Check fraud and wire transfer fraud dominated the types of payments fraud experienced, with wire transfer fraud sharply increasing from 14% in 2013 to 48% in 2015 (AFP Payments Fraud and Control Survey 2015) and 46% in the 2016 survey. The likely reason for the overall and the wire transfer fraud uptick is that many instances of fraud started with business email compromise (BEC) – 52% reported for 2016.
BEC generally involves hacking or spoofing an executive’s (often the CEO) email account, using the impersonation to extract funds from others, generally in the finance department, acting on behalf of the organization.
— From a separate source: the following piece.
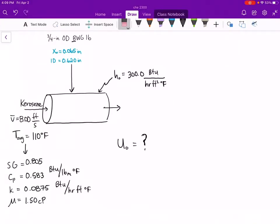Hello everyone. In today's lecture video we are going to pick up where we left off at the end of Thursday's lecture, working through the following example problem. I have written this problem in a more concise manner and put it all on one screen, so if you need to pause the video to copy this down before I move on, please do so. In this example problem we are heating kerosene, which has an average temperature of 110 degrees Fahrenheit and is moving through the piping at a linear velocity of eight feet per second.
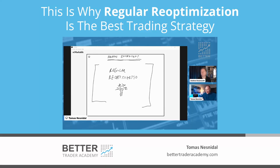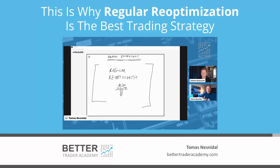That research led me to the first framework of the breakout strategies development, which I now use in my hedge fund and which I teach in the breakout strategies masterclass. It's based on this adaptive environment where regular optimization is a critical part.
Preventing BEC is really fairly easy, and first on the list is:
- Teach employees what it is and how to spot it (and remind them often), perhaps with simulations
Other safeguards are:
- Requiring that transactions have a second approval
- Verify email instructions through an independent source (such as a phone call to a previously known number – not one provided in the communication – or in person)
Lest you think that good, old-fashioned check fraud has gone the way of the horseless carriage, for those companies experiencing payments fraud in 2016, 75% involved check fraud. Why so high? Some speculate that the declining use of checks has resulted in less focus on loss prevention and companies have abandoned well-conceived preventions, such as positive pay systems and daily cash account reconciliations. Both of these controls (as well as other verification “products” offered by deposit institutions) do carry fees and do take time to monitor and perform, but isn’t this a case where an ounce of prevention might be worth a pound of cure?
Perhaps it’s time to re-visit and refresh your company’s controls over disbursing funds.